Когда сомнения стали возвращаться все реже, Карачаров решил, что готов к работе.
Потом он несколько дней штудировал записи совещаний, на которых Земля решала их судьбу. Он не надеялся найти в них что-то, что помогло бы в работе, но добросовестно проанализировал все, что там говорилось, чтобы потом можно было от всего этого отмахнуться.
Затем наступила очередь теории. Когда записанные на кристаллах в корабельном, почти неисчерпаемом информатории, гипотезы и уравнения стали его собственностью, он почувствовал, что может сделать шаг не по чужим следам, а в новом направлении.
Карачаров не знал, в чем будет заключаться решение, но интуиция, заработав, подсказывала, что решение близко и оно будет правильным. Интуиции физик привык доверять не менее, чем математике, хотя и по-иному. Интуиция придавала уверенность, и он охотно делился этой уверенностью со всеми.

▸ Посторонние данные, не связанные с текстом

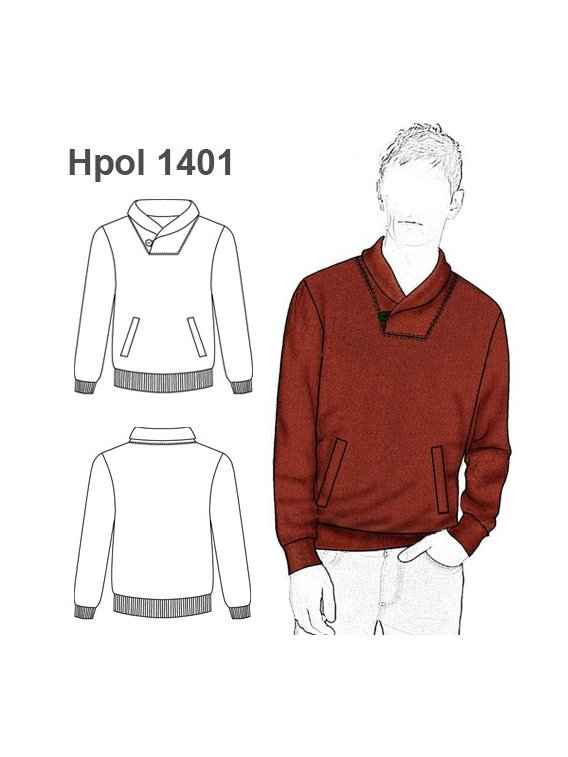 POLERON BASICO HOMBRE 1401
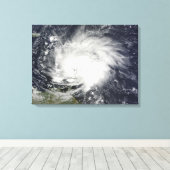 Toile L'ouragan Tomas sur les Petites Antilles (Insitu (Plancher de Bois))
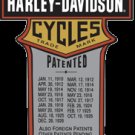 HARLEY DAVIDSON TRADE MARK PATENTS SIGN METAL ADV SIGNS H HARLEY DAVIDSON TRADE MARK PATENTS SIGN METAL ADV SIGNS H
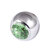Titanium Threaded Jewelled Balls 1.2x3mm - SKU 7826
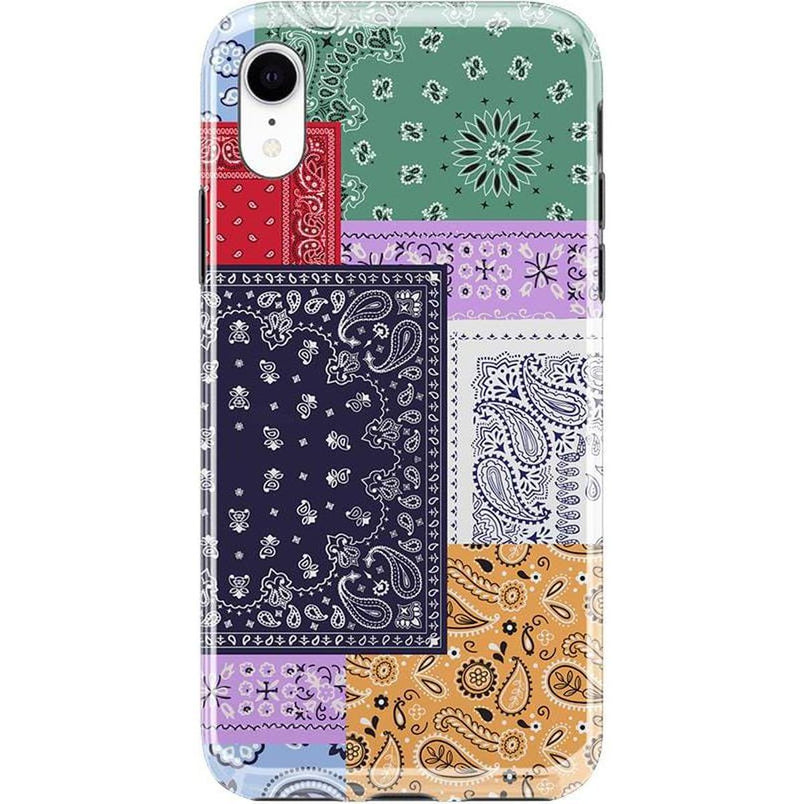 Swatch It Up | Patchwork Bandana Case iPhone Case get.casely Classic iPhone XR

Надежда, вызванная им в людях, в свою очередь, возвращалась от них к нему самому и была, возможно, одним из оснований, на которых зиждилась его подсознательная убежденность в успехе.
И все же чего-то для успеха не хватало.
Карачаров жил сейчас новой, незнакомой ему жизнью. Ему нравилось быть в центре внимания и знать, что каждое его слово порождает в людях оптимизм. Раньше коллеги, слушая его, верили, собственно, не ему, а доказательствам, выраженным в символах, числах и немногих словах. Сейчас верили не формулам: их здесь никто не понимал. Сейчас верили именно ему, человеку.
И он боялся разочаровать людей. Порой эта боязнь, незаметно для самого Карачарова, заставляла его высказывать больше уверенности, чем было в нем самом и больше, чем он высказал бы перед специалистами.
Но, в конце концов, если он и говорил чуть более оптимистическим тоном, чем позволяло чувство меры и ответственности, он, как ему казалось, имел право на это.
Чего же не хватало?
Сейчас, запершись в каюте и улегшись на диване в излюбленной позе — закинув руки за голову — Карачаров готовился снова погрузиться в поиски той комбинации мыслей и догадок, которая должна была привести его к правильному решению. Он даже улыбнулся, предвкушая удовольствие, какое доставит ему размышление над абстрактными проблемами.
Он не хотел признаться себе, что улыбка была лишь одним из способов убедить себя в удаче. Он уже не впервые предвкушал успех, но пока не продвинулся ни на шаг.
К работе он был готов. Не старался ли он продлить свое пребывание в центре внимания общества? Но само по себе постижение нового обладало такой ценностью, с которой не могло сравниться ничто иное на свете. Условия? Они были великолепными. Сознание ответственности? Теперь оно уже не пугало, но подстегивало его.
И все же что-то мешало ему, и он не мог понять, что.
Карачаров с досадой ударил кулаком по дивану. И еще раз.
Стук в дверь явился словно откликом на его удары.
На первый физик не ответил, надеясь, что стук был случайным и не повторится. Но стук прозвучал снова.
— Ну? — рявкнул физик.
Это был Еремеев. В руке он держал сетку с мячами.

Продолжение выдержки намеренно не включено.